It's interesting what crops up when you're a blogger... I had an email recently from a lady called Marlene in Santa Cruz, California (just the name of that place made me excited!) and she said:
'My dad went to Saltaire School, and several of my aunts worked in the mill in the 1920s and 30s. We emigrated to the US in 1949, but I have always been fascinated by Saltaire, have even rented a house on George St on a few occasions to get the feel of the place, and I'm writing a novel that is set there. (Don't plan on running right out to buy it -- I've been working on this story for years, and I don't seem to be making much progress, but I'm retiring from work in August and will be able to put much more time into my writing then.)
I have a rather odd question -- does the mill really have six storeys as the World Heritage documents indicate or four as some of the more recent documentation says . . . or perhaps has it been modified from six to four or two of the floors are unused? For the purposes of my story, I want to to have the action take place on the top floor, and I remember being winded just getting to the third floor last time I was there, so it would be much more dramatic if she had to walk up six storeys, especially if it was twelve separate flights of stairs. But am I imagining that?

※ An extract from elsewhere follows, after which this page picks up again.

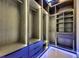 Spacious walk-in closet featuring custom shelving with integrated lighting at 6534 Simone Shores Cir, Apollo Beach, FL 33572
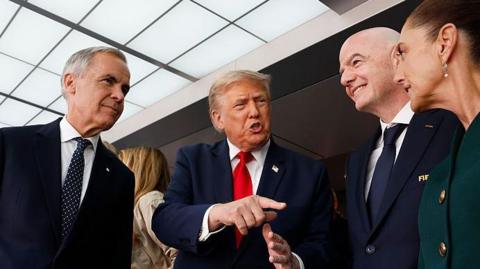 US President Donald Trump, Mexican President Claudia Sheinbaum and Canada's Prime Minister Mark Carney during the trophy presentation at the World Cup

I am writing a scene when a women walks up the stairs for the first time, imagining her grandfather running up the stairs as the morning buzzer rings, but I can't visualize the steps very well. I remember they were dark grey stone, somewhat more worn in the middle than the edges, and that they turned half way up each floor. Would you be willing to take a set of photos of the stairs to help my memory? I hope you can help me visualize my characters in that stairwell!'
Well, how could I resist that plea? So here you are Marlene, the stairs at Salts Mill.
As it turns out, Marlene has a very good memory - her description of the stairs is pretty much spot on. And yes, there are six storeys to the Mill, though the Victoria Road entrance enters at the first level. There's a basement (currently a store selling textiles for the home), the first level (the 1853 Gallery), the second level (Pace plc and not open to the public), the third level (where the bookstore and Diner are), the fourth level (restaurant and galleries) and the roofspace, usually closed to the public.